Level 1: Some suface level apprearance of humanity (natural language interaction, robot
chassis with human features, 

Level 2: Level 1 but with software to support the illusion of humanity (speech interaction,
human-ish actuated movements)

Level 3 (danger): The AI can be mistaken for a human even with unrestricted communication (may be
text-only, voice, or in person)

Hmm that didn’t format exactly right. Any way, I ended up doing some actual work today! But it’s quittin’ time (20 minutes past, actually). Bye!


I think I had a dream that I configured this website to use Pandoc for the markdown formatting. Weird. Anyway I’m here totally on time today! Although I do have a bagel in the toaster I’m going to go and prepare and eat here in a minute.

Well that was a solid 10 minute procrastinate.

I’ve added a little bit but I’m just not working that well today. I’ll read some Perrow instead to make the best of this unfocused day.

So far, “Normal Accident Theory” is interesting but not especially relevant to my thesis as it focuses so heavily on nuclear power plants. They make decent metaphors for use cases of AI, but only in a very abstract way.

Lunch Break

I’m back. I think I’m going to work on the blog code rendering issue, because I am having trouble focusing on work and reading Perrow doesn’t feel especially productive.

Hey I did it! I set up the site to run on my desktop (sbcl, quicklisp) and had to make some changes (for some reason the string library was being more strict about types it would accept). Then I changed the bit of code that used cl-markdown to instead use a system call to pandoc, and fixed a bug I had with the header chomping eating up a bunch more text than it was supposed to and everything worked! For doing software maintenance on something I made like 2 or 3 years ago, that was surprisingly fast and easy. I guess lisp is just magic like that.

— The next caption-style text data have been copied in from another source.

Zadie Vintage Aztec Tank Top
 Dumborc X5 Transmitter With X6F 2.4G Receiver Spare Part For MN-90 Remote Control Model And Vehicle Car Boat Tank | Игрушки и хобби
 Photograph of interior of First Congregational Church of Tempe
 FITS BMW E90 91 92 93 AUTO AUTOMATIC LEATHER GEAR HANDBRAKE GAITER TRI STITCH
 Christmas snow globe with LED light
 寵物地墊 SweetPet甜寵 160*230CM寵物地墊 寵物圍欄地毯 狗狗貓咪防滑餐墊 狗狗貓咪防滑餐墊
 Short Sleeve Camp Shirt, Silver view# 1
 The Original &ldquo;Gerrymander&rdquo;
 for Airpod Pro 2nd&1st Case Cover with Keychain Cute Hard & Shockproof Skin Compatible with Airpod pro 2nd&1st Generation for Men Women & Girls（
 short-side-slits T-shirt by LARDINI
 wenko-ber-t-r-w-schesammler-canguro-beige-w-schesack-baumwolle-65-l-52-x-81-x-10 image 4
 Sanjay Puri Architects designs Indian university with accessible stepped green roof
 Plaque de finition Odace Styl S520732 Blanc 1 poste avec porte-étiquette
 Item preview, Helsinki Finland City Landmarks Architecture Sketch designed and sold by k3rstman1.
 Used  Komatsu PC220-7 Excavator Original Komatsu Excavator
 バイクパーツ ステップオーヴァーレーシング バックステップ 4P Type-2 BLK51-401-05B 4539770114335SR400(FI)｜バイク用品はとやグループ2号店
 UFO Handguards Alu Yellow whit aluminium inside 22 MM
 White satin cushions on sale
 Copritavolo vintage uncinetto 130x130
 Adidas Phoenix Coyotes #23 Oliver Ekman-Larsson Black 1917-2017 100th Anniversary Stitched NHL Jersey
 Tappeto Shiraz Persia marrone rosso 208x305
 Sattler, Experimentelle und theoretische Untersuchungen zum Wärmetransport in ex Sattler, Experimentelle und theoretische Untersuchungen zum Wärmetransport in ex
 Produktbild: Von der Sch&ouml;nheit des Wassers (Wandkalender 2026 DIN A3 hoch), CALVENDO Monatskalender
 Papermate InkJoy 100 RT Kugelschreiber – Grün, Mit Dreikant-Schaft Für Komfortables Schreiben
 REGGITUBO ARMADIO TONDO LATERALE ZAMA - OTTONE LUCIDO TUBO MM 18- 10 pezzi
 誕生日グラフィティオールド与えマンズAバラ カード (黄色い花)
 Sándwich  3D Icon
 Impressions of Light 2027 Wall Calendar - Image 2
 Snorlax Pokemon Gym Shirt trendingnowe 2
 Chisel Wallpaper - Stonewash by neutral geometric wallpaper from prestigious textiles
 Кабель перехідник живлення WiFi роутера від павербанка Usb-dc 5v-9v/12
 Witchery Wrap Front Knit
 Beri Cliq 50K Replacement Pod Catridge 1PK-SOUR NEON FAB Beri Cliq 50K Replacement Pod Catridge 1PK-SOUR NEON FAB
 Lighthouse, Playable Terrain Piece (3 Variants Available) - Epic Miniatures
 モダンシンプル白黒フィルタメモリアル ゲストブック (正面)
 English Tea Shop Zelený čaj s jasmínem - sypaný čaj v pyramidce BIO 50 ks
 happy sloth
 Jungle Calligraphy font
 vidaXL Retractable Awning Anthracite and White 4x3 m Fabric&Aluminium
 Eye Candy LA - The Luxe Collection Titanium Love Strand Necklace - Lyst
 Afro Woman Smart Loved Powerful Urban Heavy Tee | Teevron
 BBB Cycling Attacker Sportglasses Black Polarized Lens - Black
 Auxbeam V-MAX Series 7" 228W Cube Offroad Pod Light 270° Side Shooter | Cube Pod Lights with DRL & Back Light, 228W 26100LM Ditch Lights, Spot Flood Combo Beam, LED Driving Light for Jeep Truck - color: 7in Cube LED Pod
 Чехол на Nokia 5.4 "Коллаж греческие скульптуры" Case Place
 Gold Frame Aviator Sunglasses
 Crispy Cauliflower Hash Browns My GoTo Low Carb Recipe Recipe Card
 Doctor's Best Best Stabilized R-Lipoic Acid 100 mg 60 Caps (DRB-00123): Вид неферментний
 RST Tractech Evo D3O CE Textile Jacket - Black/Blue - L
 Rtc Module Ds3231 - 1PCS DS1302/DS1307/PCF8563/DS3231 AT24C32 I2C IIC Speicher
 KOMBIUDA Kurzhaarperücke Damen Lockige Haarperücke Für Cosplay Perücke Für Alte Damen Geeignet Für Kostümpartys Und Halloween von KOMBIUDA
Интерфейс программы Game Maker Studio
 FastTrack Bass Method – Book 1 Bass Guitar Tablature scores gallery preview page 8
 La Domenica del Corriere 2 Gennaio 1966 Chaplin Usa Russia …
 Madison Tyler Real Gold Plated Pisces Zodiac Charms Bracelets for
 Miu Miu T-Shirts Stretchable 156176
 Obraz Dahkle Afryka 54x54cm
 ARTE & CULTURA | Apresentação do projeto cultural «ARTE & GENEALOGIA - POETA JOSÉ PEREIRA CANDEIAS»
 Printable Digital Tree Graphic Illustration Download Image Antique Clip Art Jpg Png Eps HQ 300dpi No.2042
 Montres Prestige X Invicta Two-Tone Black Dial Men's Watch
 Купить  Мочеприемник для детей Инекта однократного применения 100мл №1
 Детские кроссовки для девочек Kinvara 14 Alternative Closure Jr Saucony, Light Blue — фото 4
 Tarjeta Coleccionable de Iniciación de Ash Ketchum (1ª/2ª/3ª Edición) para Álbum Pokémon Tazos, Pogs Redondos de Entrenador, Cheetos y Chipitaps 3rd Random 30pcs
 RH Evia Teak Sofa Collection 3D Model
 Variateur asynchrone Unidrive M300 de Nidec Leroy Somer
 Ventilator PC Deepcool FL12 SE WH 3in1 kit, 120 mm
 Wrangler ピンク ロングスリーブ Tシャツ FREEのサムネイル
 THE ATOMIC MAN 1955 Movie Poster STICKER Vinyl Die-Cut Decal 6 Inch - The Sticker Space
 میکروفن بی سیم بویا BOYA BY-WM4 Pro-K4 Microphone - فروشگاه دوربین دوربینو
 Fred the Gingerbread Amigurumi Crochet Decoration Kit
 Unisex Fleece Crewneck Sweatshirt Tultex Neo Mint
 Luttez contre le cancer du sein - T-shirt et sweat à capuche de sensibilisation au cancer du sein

Oof okay I still need to work. I don’t know what to write. I guess I could start on another case study, maybe a fictional one.

Well HAL-9000 turned out to be pretty good for analyzing in my system. The AI safety section was especially applicable because Space Odyssey 2001 is mostly about an aligned issue of a human-level AI.

Time to spellcheck, checkout and push changes and I’ll be done for the week. And a quick status update to Dr. Yampolskiy.